Saturday, October 6, 2012

Who was Simon the 'Zealot'?: Something New About Him

Simon the 'Zealot'
Here is something new I just learned about Simon the 'Zealot', and I bet it will be something new for you; unless of course you have read Richard Bauckham on this, or maybe other critical New Testament historians. I am currently reading Bauckham's book Jesus and the Eyewitnesses, and in particular I am currently reading his chapter 12 entitled The Twelve. Here Bauckham is discussing the names of the Twelve and how they have come to be and function in the Gospel narratives; in the particular instance I am going to quote, Bauckham is talking about Simon the Zealot, and what in fact would have characterized Simon's kind of zealotry situated as he was in his historical context (this point is contrary to how I have been taught, in the past, to think of Simon's zealotry, and thus represents something new that I have learned about Simon the Zealot). Here is Bauckham:

[...] It is now widely recognized that, since a specific political party with the name Zealots does not appear in our sources until after the outbreak of the Jewish revolt in 66 CE, the term applied to Simon here must have the broader sense, current in this period, of "zealot for the law" (cf. Acts 21:20; 22:3, 19), often implying that such a person would take violent action to punish flagrant violation of the Torah. Such violence, however, would normally be aimed against fellow Jews rather than the Romans. We should probably presume that Simon already bore this nickname before becoming a disciple of Jesus. Meir points out that "the only instance in prerabbinic Judaism of an individual Israelite bearing the additional name of 'the Zealot'  is found in 4 Macc 18:12, where Phinehas (the grandson of Aaron) is called 'the Zealot of Phinehas' (ton zeloten Phinees). Perhaps Simon's nickname amounts to calling him "a new Phinehas." However, although Phinheas was indeed, for Jews of this period, the archetypal "zealot," the usage in 4 Maccabees 18:12 is probably a description rather than strictly a nickname. Another possible parallel that has not previously been noticed is the name of the owner inscribed on a stone jar from Masada. The two words (yhwsp qny) can be translated either as "Joseph (the) zealot" (qannay) or as "Joseph (the) silversmith" (qenay). [Richard Bauckham, Jesus and the Eyewitnesses, 104-05.]

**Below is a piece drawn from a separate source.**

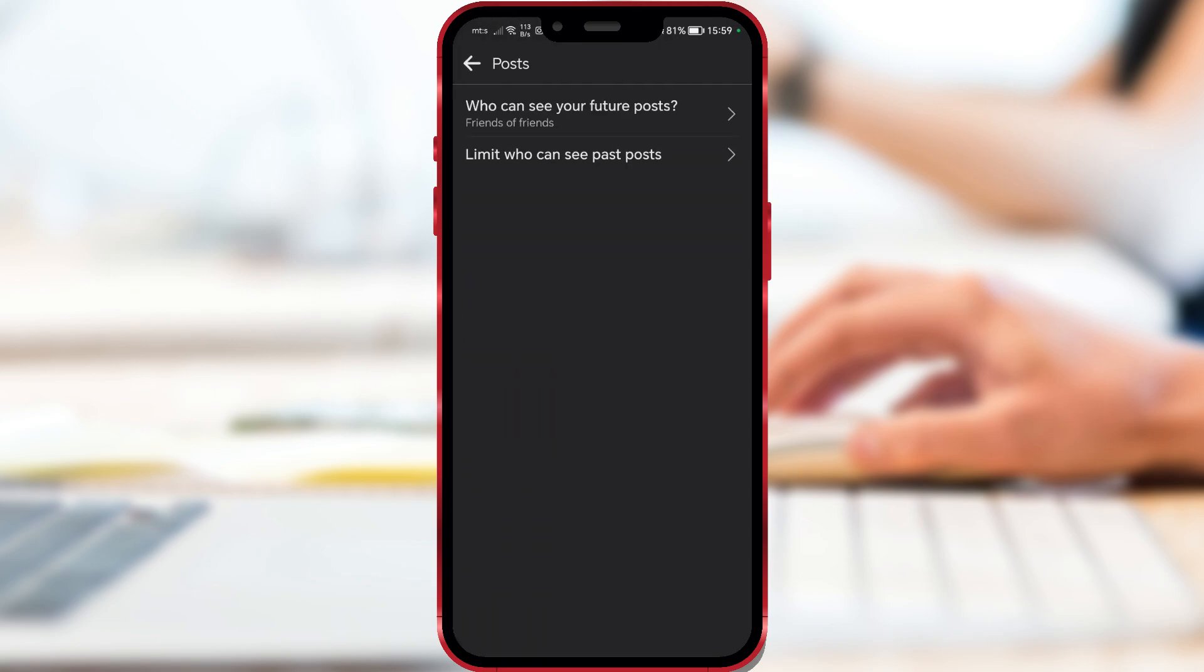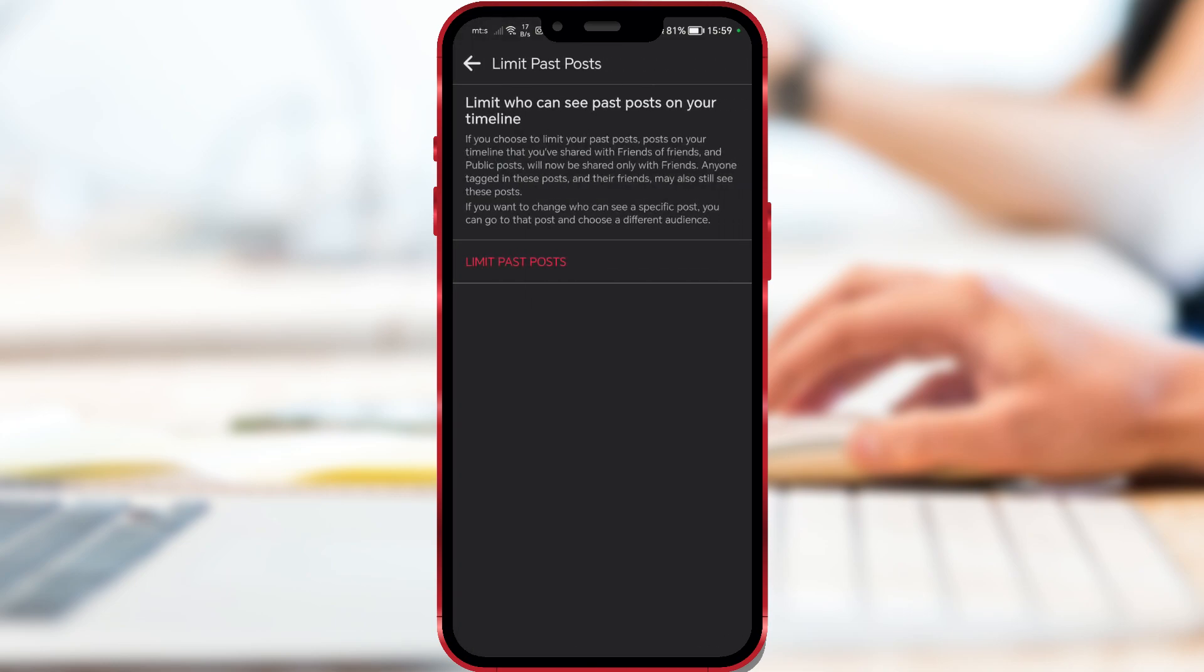Let's first set up who can see your old posts. Click on Limit Who Can See Past Posts. If you choose to limit your past posts, posts on your timeline that you've shared with friends of friends and public posts will now be shared only with friends. If you want to do this, click on Limit Past Posts, which is marked in red.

This is an interesting tid bit of historical insight that helps me to re-think what kind of zealotry characterized Simon's, Jesus' disciple, and one the the Twelve Apostles. This would, interpretively, be significant to me in the sense that it would make even more sense for Simon to align with Jesus; only if he (Simon) believed that Jesus was the meaning and fulfillment of the 'Torah' in a very depth dimension kind of way. Such that Jesus' person would finally make sense of the Torah in ways that Simon the 'Zealot' had never considered before; providing a Zealotry filled with a true knowledge of the God and Yahweh of the Torah which he felt he must defend with utter stridency.

For those unclear, the typical way of understanding Zealotry in relation to Simon, has usually been to think of him as someone who was looking for a Messianic figure to come in and overthrow the Roman empire (so an anti-Imperialist) [which Bauckham highlights as well in the quote above]. But in point of case, if Bauckham is correct, to be a zealot in the period that Simon, Jesus, and the others inhabited, would mean to be a vigorous defender of a text; God's text given to the Jewish people. This insight, from Bauckham, definitely re-situates Simon's person and aspirations; and it helps me, at least, to think about Simon in ways differently than I had been taught to, heretofore.